Starting at the top line, print the entries below exactly as they are and skip every picture.

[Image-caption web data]
------------------------------------------------------------------------

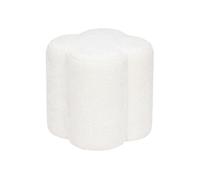 Atmosphera - Pouf fleur en tissu chenille LAVON - Blanc - Lavon Blanc G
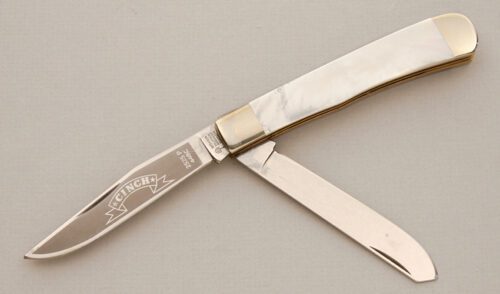 Boker for Cinch Model 2525 Trapper with Mother Of Pearl Scales handle material - Obverse Side - Item #KLC14492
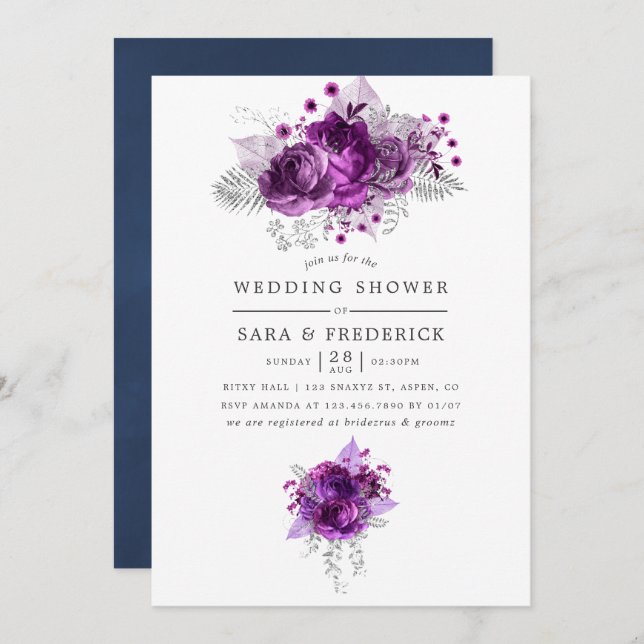 Invitation Plum et marine Aquarelle Wedding shower floral (Devant / Derrière)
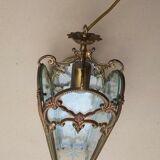 Bronze lantern of Louis XVI style working order - engraved glasses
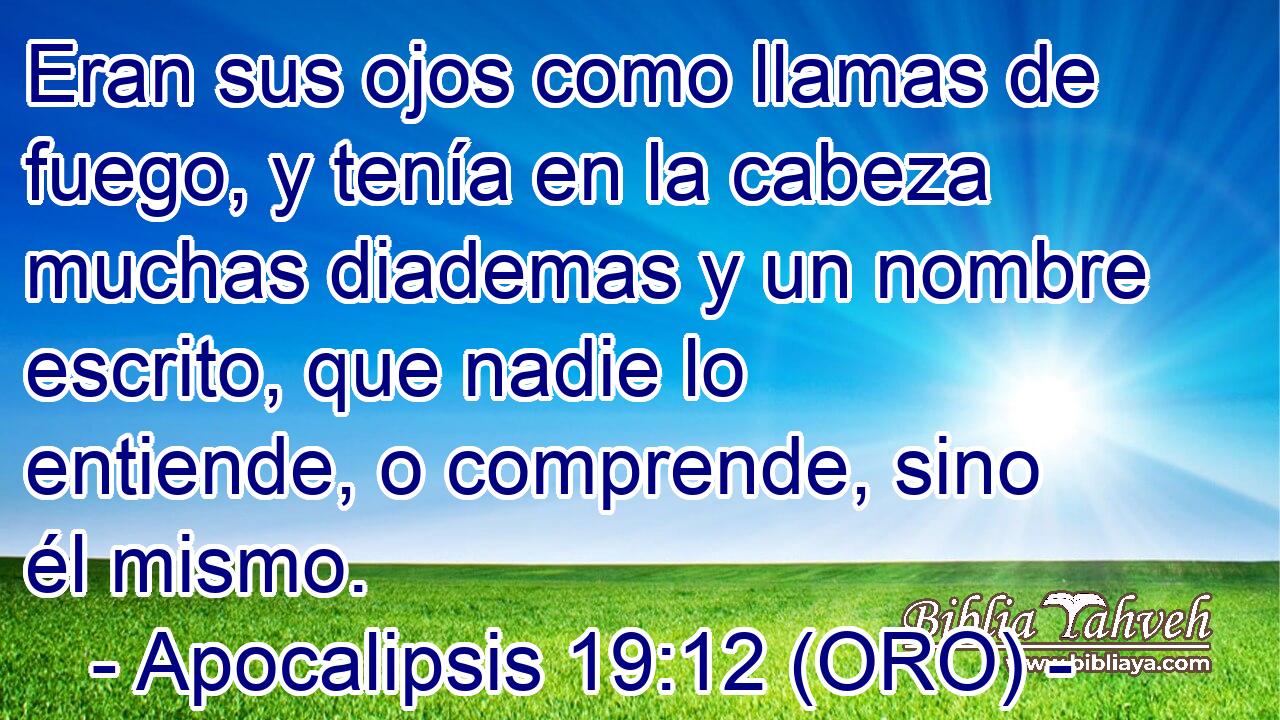  Eran sus ojos como llamas de fuego, y tenía en la cabeza muchas diademas y un nombre escrito, que nadie lo entiende, o comprende, sino él mismo. 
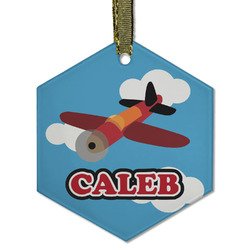 Airplane Flat Glass Ornament - Hexagon w/ Name or Text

------------------------------------------------------------------------

Output below =
 Atmosphera - Pouf fleur en tissu chenille LAVON - Blanc - Lavon Blanc G
 Boker for Cinch Model 2525 Trapper with Mother Of Pearl Scales handle material - Obverse Side - Item #KLC14492
 Invitation Plum et marine Aquarelle Wedding shower floral (Devant / Derrière)
 Bronze lantern of Louis XVI style working order - engraved glasses
  Eran sus ojos como llamas de fuego, y tenía en la cabeza muchas diademas y un nombre escrito, que nadie lo entiende, o comprende, sino él mismo. 
 Airplane Flat Glass Ornament - Hexagon w/ Name or Text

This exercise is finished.